(Phrase grounding data)
----

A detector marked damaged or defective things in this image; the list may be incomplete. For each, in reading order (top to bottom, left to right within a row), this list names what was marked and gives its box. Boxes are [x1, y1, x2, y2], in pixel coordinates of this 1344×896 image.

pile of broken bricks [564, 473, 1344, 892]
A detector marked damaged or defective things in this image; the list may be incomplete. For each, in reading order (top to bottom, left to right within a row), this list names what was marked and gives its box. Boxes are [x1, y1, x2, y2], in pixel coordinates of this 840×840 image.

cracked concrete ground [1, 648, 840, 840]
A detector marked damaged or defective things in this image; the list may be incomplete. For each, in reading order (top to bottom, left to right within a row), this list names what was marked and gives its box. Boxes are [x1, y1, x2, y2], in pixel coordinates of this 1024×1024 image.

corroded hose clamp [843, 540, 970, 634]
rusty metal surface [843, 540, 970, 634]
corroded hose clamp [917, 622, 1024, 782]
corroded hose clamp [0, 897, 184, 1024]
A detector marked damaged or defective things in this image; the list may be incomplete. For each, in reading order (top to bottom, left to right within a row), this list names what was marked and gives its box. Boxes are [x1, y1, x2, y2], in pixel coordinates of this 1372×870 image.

----

Reproduce the data shown above in its entirety, keeping each word as it is.

* THE COMPLETED TASK:
A detector marked damaged or defective things in this image; the list may be incomplete. For each, in reading order (top to bottom, left to right within a row), this list names what was marked and gives its box. Boxes are [x1, y1, x2, y2], in pixel coordinates of this 1344×896 image.

pile of broken bricks [564, 473, 1344, 892]
A detector marked damaged or defective things in this image; the list may be incomplete. For each, in reading order (top to bottom, left to right within a row), this list names what was marked and gives its box. Boxes are [x1, y1, x2, y2], in pixel coordinates of this 840×840 image.

cracked concrete ground [1, 648, 840, 840]
A detector marked damaged or defective things in this image; the list may be incomplete. For each, in reading order (top to bottom, left to right within a row), this list names what was marked and gives its box. Boxes are [x1, y1, x2, y2], in pixel coordinates of this 1024×1024 image.

corroded hose clamp [843, 540, 970, 634]
rusty metal surface [843, 540, 970, 634]
corroded hose clamp [917, 622, 1024, 782]
corroded hose clamp [0, 897, 184, 1024]
A detector marked damaged or defective things in this image; the list may be incomplete. For each, in reading order (top to bottom, left to right within a row), this list names what was marked and gives its box. Boxes are [x1, y1, x2, y2], in pixel coordinates of this 1372×870 image.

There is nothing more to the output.